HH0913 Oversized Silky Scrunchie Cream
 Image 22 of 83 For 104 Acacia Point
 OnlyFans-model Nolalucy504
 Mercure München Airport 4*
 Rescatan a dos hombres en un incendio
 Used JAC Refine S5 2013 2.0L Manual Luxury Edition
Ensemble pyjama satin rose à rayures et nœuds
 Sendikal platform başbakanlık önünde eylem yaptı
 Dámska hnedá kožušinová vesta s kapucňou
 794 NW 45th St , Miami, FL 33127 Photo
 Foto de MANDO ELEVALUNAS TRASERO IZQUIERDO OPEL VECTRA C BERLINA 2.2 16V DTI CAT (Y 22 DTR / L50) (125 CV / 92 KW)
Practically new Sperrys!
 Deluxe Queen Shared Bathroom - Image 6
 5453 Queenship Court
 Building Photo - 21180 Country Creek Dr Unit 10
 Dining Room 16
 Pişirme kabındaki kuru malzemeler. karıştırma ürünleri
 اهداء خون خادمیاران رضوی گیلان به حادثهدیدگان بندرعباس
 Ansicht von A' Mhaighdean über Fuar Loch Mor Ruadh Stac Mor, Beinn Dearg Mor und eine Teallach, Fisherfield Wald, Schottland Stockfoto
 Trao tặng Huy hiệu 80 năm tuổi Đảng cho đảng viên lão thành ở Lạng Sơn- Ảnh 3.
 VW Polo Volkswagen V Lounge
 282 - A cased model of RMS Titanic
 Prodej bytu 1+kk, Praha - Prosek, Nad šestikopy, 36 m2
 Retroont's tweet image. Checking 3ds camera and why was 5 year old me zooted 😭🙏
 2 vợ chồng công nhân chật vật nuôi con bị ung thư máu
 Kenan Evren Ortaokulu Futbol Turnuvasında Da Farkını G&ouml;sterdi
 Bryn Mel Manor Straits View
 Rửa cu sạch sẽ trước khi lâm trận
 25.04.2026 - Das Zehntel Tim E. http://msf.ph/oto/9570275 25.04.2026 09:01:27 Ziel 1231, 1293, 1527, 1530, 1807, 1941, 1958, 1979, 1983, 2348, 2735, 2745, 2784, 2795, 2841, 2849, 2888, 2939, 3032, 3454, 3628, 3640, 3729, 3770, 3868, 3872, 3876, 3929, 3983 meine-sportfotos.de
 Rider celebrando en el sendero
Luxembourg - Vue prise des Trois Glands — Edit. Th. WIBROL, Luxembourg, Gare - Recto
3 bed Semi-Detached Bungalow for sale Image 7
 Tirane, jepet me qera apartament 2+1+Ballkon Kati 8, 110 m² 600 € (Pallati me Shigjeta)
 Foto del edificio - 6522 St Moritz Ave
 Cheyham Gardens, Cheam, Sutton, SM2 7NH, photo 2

_____

Please reproduce each entry above exactly as it reads.

### The completed task
HH0913 Oversized Silky Scrunchie Cream
 Image 22 of 83 For 104 Acacia Point
 OnlyFans-model Nolalucy504
 Mercure München Airport 4*
 Rescatan a dos hombres en un incendio
 Used JAC Refine S5 2013 2.0L Manual Luxury Edition
Ensemble pyjama satin rose à rayures et nœuds
 Sendikal platform başbakanlık önünde eylem yaptı
 Dámska hnedá kožušinová vesta s kapucňou
 794 NW 45th St , Miami, FL 33127 Photo
 Foto de MANDO ELEVALUNAS TRASERO IZQUIERDO OPEL VECTRA C BERLINA 2.2 16V DTI CAT (Y 22 DTR / L50) (125 CV / 92 KW)
Practically new Sperrys!
 Deluxe Queen Shared Bathroom - Image 6
 5453 Queenship Court
 Building Photo - 21180 Country Creek Dr Unit 10
 Dining Room 16
 Pişirme kabındaki kuru malzemeler. karıştırma ürünleri
 اهداء خون خادمیاران رضوی گیلان به حادثهدیدگان بندرعباس
 Ansicht von A' Mhaighdean über Fuar Loch Mor Ruadh Stac Mor, Beinn Dearg Mor und eine Teallach, Fisherfield Wald, Schottland Stockfoto
 Trao tặng Huy hiệu 80 năm tuổi Đảng cho đảng viên lão thành ở Lạng Sơn- Ảnh 3.
 VW Polo Volkswagen V Lounge
 282 - A cased model of RMS Titanic
 Prodej bytu 1+kk, Praha - Prosek, Nad šestikopy, 36 m2
 Retroont's tweet image. Checking 3ds camera and why was 5 year old me zooted 😭🙏
 2 vợ chồng công nhân chật vật nuôi con bị ung thư máu
 Kenan Evren Ortaokulu Futbol Turnuvasında Da Farkını G&ouml;sterdi
 Bryn Mel Manor Straits View
 Rửa cu sạch sẽ trước khi lâm trận
 25.04.2026 - Das Zehntel Tim E. http://msf.ph/oto/9570275 25.04.2026 09:01:27 Ziel 1231, 1293, 1527, 1530, 1807, 1941, 1958, 1979, 1983, 2348, 2735, 2745, 2784, 2795, 2841, 2849, 2888, 2939, 3032, 3454, 3628, 3640, 3729, 3770, 3868, 3872, 3876, 3929, 3983 meine-sportfotos.de
 Rider celebrando en el sendero
Luxembourg - Vue prise des Trois Glands — Edit. Th. WIBROL, Luxembourg, Gare - Recto
3 bed Semi-Detached Bungalow for sale Image 7
 Tirane, jepet me qera apartament 2+1+Ballkon Kati 8, 110 m² 600 € (Pallati me Shigjeta)
 Foto del edificio - 6522 St Moritz Ave
 Cheyham Gardens, Cheam, Sutton, SM2 7NH, photo 2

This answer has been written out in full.